● EXERCISE DESCRIPTION: Wherever an image appears in the entries, drop it and reproduce everything else exactly.

● DATA RECORDS:
════════════════

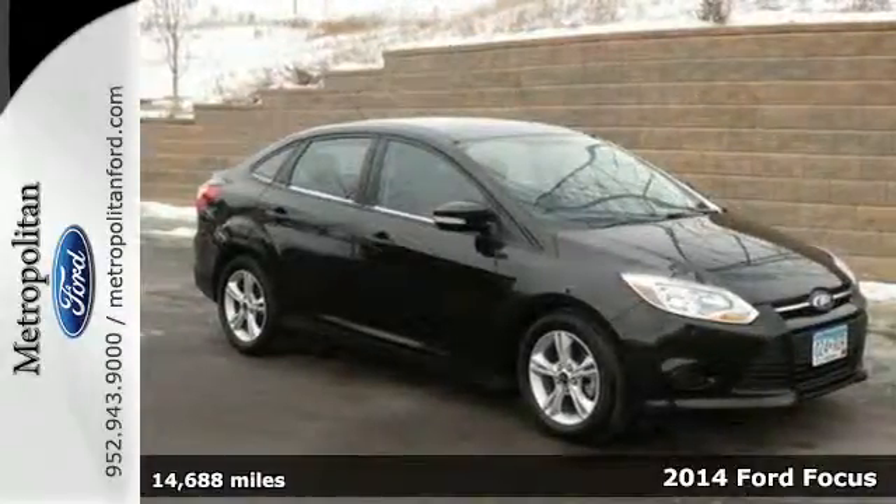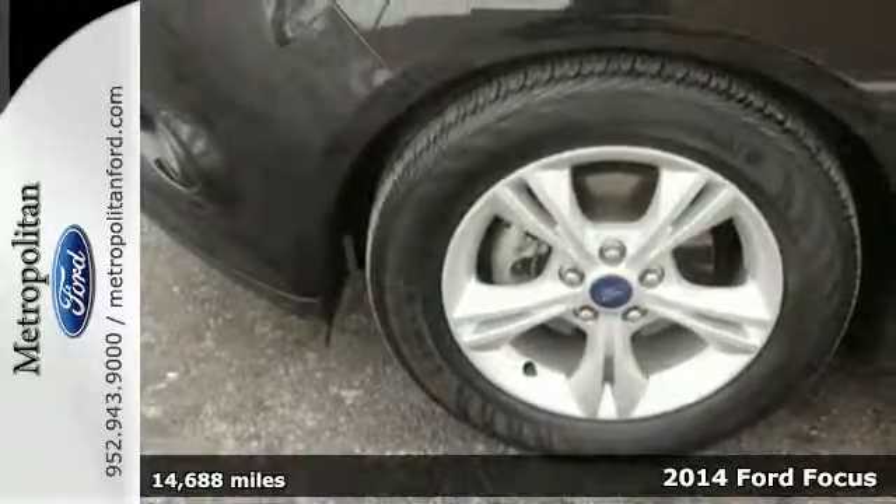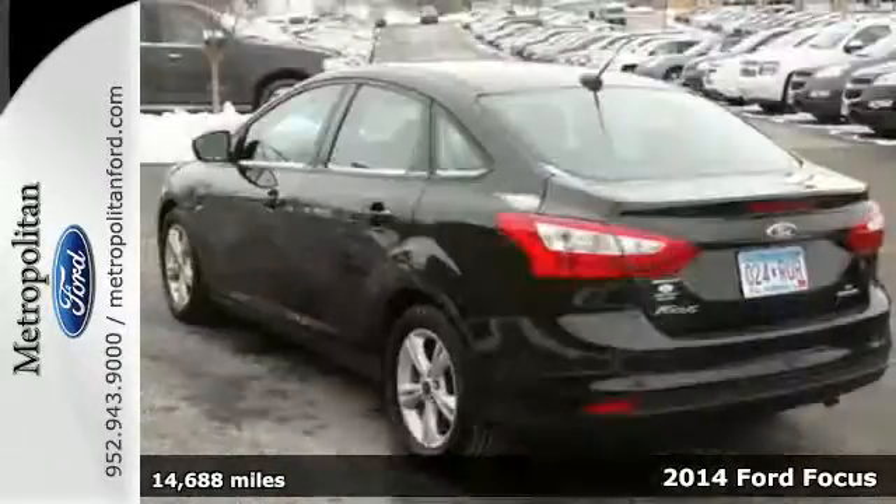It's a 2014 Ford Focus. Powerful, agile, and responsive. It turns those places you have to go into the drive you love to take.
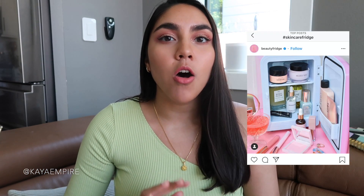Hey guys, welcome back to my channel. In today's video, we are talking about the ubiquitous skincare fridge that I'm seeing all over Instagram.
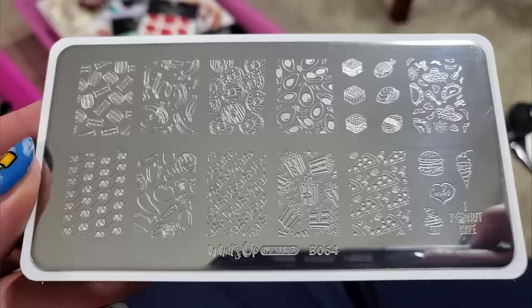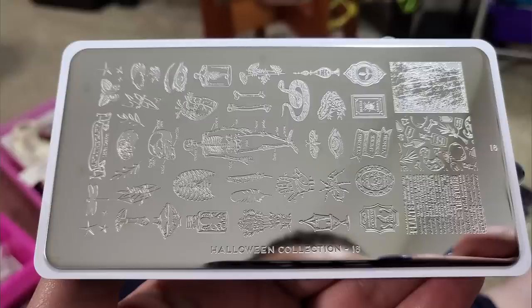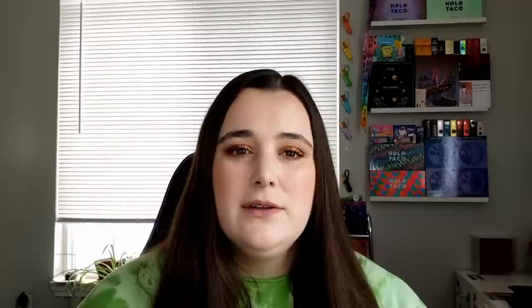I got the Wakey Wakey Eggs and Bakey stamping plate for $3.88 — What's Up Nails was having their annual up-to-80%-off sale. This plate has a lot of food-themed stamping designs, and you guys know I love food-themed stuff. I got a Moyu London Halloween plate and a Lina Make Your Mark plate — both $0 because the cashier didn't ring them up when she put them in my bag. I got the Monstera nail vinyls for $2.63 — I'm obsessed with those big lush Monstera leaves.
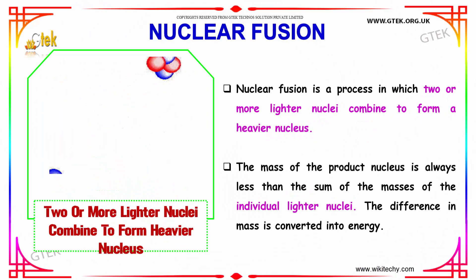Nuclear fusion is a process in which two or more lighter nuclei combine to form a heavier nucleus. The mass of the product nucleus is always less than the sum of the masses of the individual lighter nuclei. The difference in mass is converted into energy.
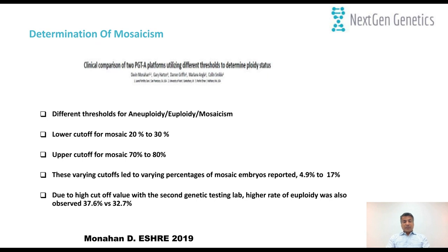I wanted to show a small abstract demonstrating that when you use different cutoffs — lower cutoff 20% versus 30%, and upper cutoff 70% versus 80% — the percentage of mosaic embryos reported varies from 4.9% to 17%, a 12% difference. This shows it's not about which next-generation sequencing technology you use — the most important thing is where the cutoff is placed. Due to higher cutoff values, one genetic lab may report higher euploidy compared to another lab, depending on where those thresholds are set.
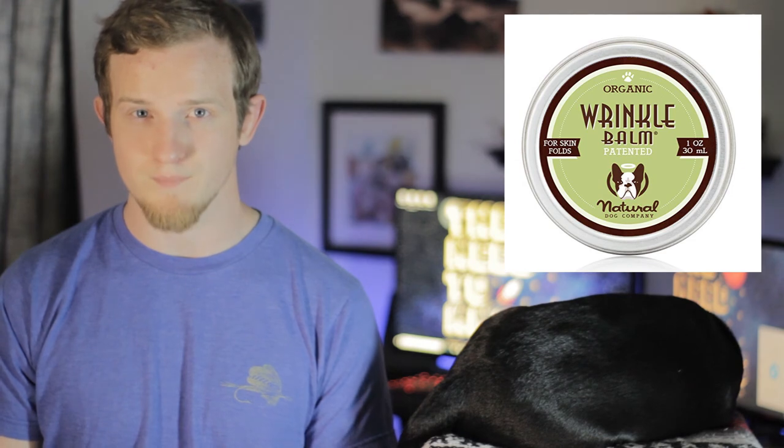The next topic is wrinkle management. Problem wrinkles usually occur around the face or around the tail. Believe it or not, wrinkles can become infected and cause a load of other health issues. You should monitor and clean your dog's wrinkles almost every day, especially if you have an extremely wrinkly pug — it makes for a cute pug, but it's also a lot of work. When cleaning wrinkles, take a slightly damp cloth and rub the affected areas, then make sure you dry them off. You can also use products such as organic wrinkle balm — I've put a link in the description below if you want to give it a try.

════════════════

● ANSWER SECTION:
It's a 2014 Ford Focus. Powerful, agile, and responsive. It turns those places you have to go into the drive you love to take.
Hey guys, welcome back to my channel. In today's video, we are talking about the ubiquitous skincare fridge that I'm seeing all over Instagram.
I got the Wakey Wakey Eggs and Bakey stamping plate for $3.88 — What's Up Nails was having their annual up-to-80%-off sale. This plate has a lot of food-themed stamping designs, and you guys know I love food-themed stuff. I got a Moyu London Halloween plate and a Lina Make Your Mark plate — both $0 because the cashier didn't ring them up when she put them in my bag. I got the Monstera nail vinyls for $2.63 — I'm obsessed with those big lush Monstera leaves.
Nuclear fusion is a process in which two or more lighter nuclei combine to form a heavier nucleus. The mass of the product nucleus is always less than the sum of the masses of the individual lighter nuclei. The difference in mass is converted into energy.
I wanted to show a small abstract demonstrating that when you use different cutoffs — lower cutoff 20% versus 30%, and upper cutoff 70% versus 80% — the percentage of mosaic embryos reported varies from 4.9% to 17%, a 12% difference. This shows it's not about which next-generation sequencing technology you use — the most important thing is where the cutoff is placed. Due to higher cutoff values, one genetic lab may report higher euploidy compared to another lab, depending on where those thresholds are set.
The next topic is wrinkle management. Problem wrinkles usually occur around the face or around the tail. Believe it or not, wrinkles can become infected and cause a load of other health issues. You should monitor and clean your dog's wrinkles almost every day, especially if you have an extremely wrinkly pug — it makes for a cute pug, but it's also a lot of work. When cleaning wrinkles, take a slightly damp cloth and rub the affected areas, then make sure you dry them off. You can also use products such as organic wrinkle balm — I've put a link in the description below if you want to give it a try.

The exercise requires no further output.